Jamison was born and raised in Spring, Texas, which he recalls as “a great place to grow up.” He came to the guitar early, and long before he would discover an apparently innate knack with valve amps, he fully intended to forge a career with the instrument when the time came to leave the nest.
“I started playing guitar when I was nine,” he recalls. “I taught myself. I took my step-dad’s nylon guitar, made by Gibson, and a Bob Seger songbook and a Bob Seger record, and just followed the pictures, and voila! I moved from Texas when I was 18, directly out of high school, and went to Hollywood and enrolled in the Musician’s Institute. I did the G.I.T. [Guitar Institute of Technology] programme, and stayed in California ever since.”

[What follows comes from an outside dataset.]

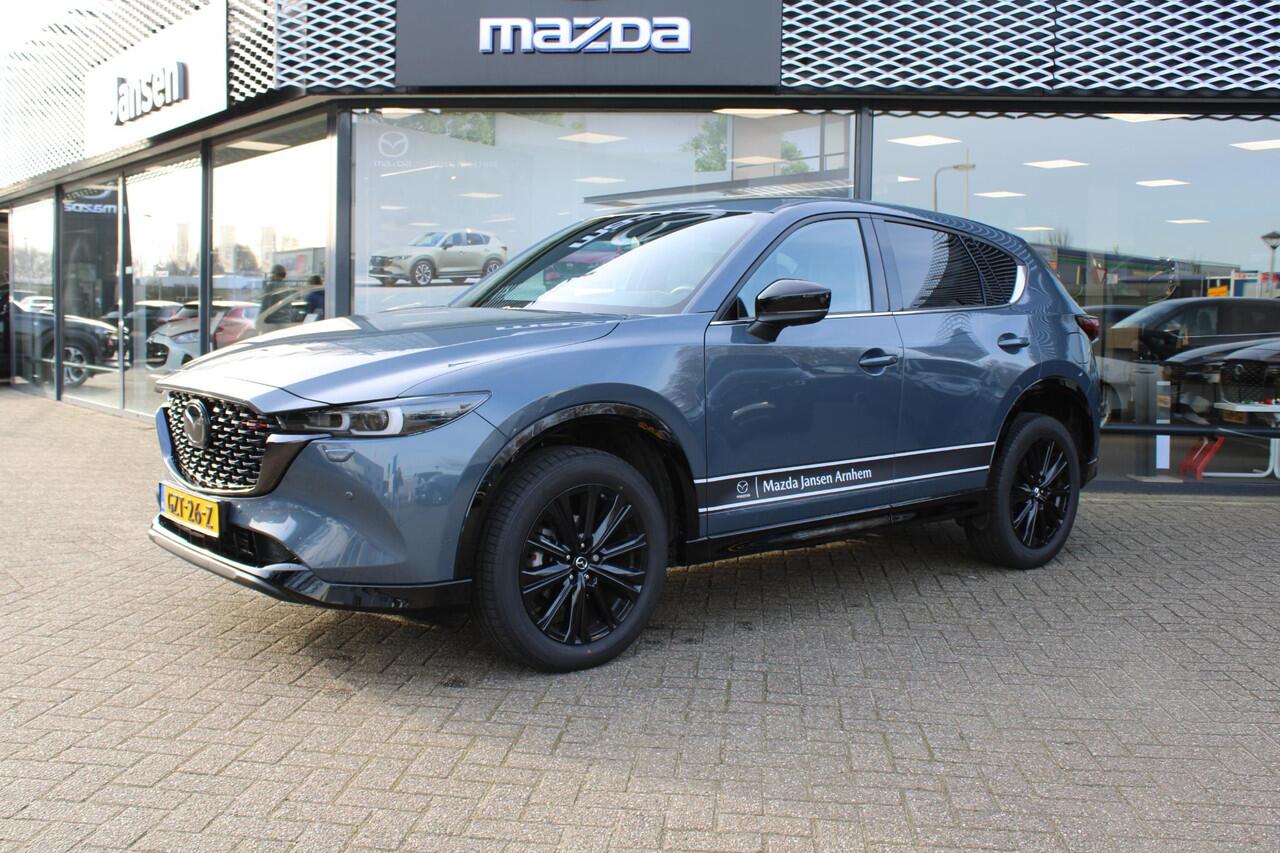 Mazda CX-5 2.0 e-SkyActiv-G M Hybrid 165 Homura , Demovoordeel ¤ 7.390-, Navi, Adap.Cruise, Clima, Leder, Apple Carplay, 360 Camera, PDC, HUD, Stoelverwarming/ventilatie, 19" LMV, Elek.Achterklep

Advertised in the back pages of prominent American guitar magazines in the 1980s – with ‘class’ photos showing the stars you’d purportedly rub elbows with, and (so it was implied) receive instruction from – G.I.T. was many a young hopeful’s embodiment of the California dream. And although it did set Jamison on a trajectory that has landed him where he is today, the reality was not at first quite so shiny as the glossy spreads themselves.
“The way the ads were, and the catalogue, it made it seem like these huge A-list people were always there, kinda’ hanging around. But if and when those guys even went there it would be like…one time.”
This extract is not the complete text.